Accurate quote by Briggs: “Epidemiology is the field which officially mistakes correlations for causations.” A corollary might be: all science is becoming epidemiology.

Still, with regard to the fad of attack on UPFs, there often is some essence to fads which is true. Perhaps insignificant, I’d still hazard to say that no one ever died from lack of Red Dye #3.

David A
Reply to  Kip Hansen
January 19, 2025 9:16 pm

Be careful. On the one hand the study of diet is seriously lacking in medical science. with pharmaceuticals being the answer to most issues, and this is often tragic when diet can do wonders. There are very real studies on processed seed oils, and the very high carb diets, and sugar diets, and there are very real reasons for the high and growing issues with diabetic disease, and increased cancers and heart disease.

On the other hand there appears to be some movement to blame diet for the sudden, post MRNA vaccine correlated acceleration in disparate diseases, (some of the same diseases mentioned,that are associated with the “standard American diet”) on the food industry, possibly to shelter the potential liability of both a man made virus, and the potential harms of a man made “cure”. In other words while diet has been and is a contributing factor, it is not responsible for the sudden recent acceleration in those same diseases.

I think the understanding of autophagy and the benefits of a low carb diet and avoiding processed seed oils and sugars are very real, and there have been many many double blind studies on all of this. There are also many many medical doctors that have come to this understanding.
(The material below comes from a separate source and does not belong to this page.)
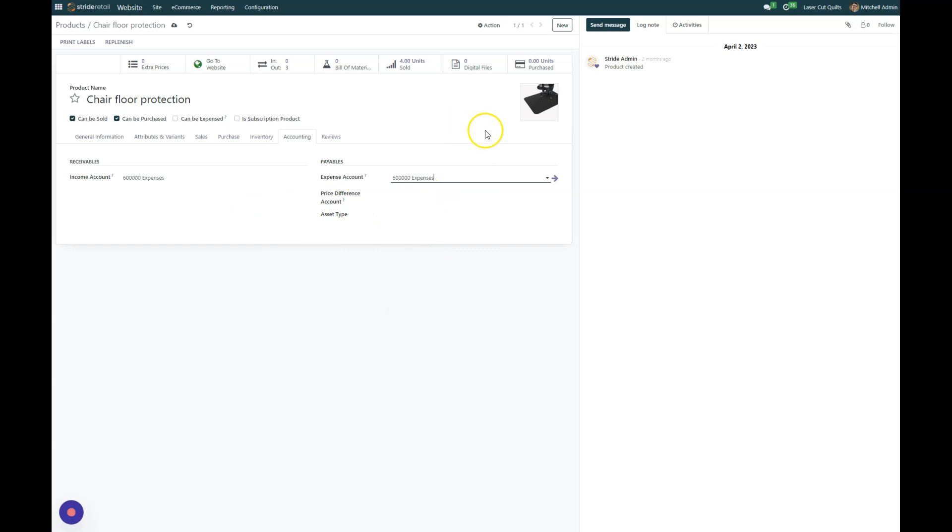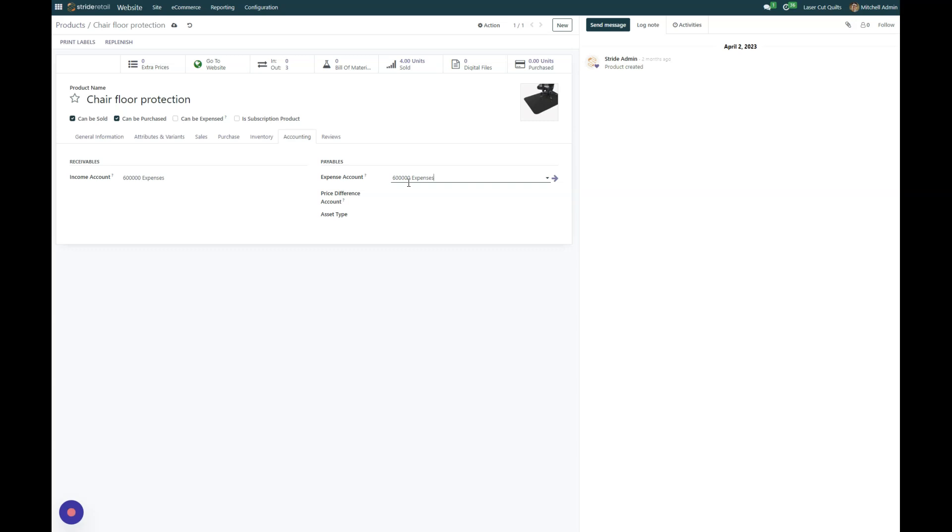So now every time I sell this chair, if I were to save it, instead of booking it to product sales, it would book it to expenses. Which obviously we don't want for this, but you can do that. So you can remap where your products, where those sales get booked to.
When of the disadvantages of living in the “information” age, is there is to much information, and if one does not accept the truth dejour, then the everything else, is literally everything else, with endless disparate opinions, articles and “studies”.

David A
Reply to  David A
January 19, 2025 9:53 pm

Dr Robert Malone has a decent and short article a few days ago on the processed seed oils referred to…
https://www.malone.news/p/the-real-villain-behind-americas

However it is true that the use of sugar has changed more then the article articulates. A comment pointed out that, “After WWII, the annual consumption of sugar was about 60 lbs. per year per capita and it was mostly cane sugar. Fast forward to today and it is above 150 lbs. per capita and the majority of it is liquid corn syrup which is cheaper that cane sugar and is used almost exclusively in soft drinks”



Walter Sobchak
Reply to  Scissor
January 18, 2025 6:55 am

“Climate Science” is the field which officially mistakes video games for emperical data.

Richard Greene
Reply to  Walter Sobchak
January 18, 2025 4:28 pm

Climate science is where predictions of climate doom, wrong for 50 years in a row, are claimed to be science. They are climate astrology.

Tom Johnson
Reply to  Scissor
January 18, 2025 11:17 am

The issue is not if someone has died from LACK of Red dye #3, rather it’s whether or not someone has gotten cancer from consuming Red Dye #3.

Derg
Reply to  Scissor
January 18, 2025 11:38 am

Hey we got heart healthy Cheerios 😉

Reply to  Scissor
January 18, 2025 3:55 pm

Look, eating cheap food makes you poor, ok? It’s obvious!

January 18, 2025 6:31 am

Well researched and articulated. Thanks Kip.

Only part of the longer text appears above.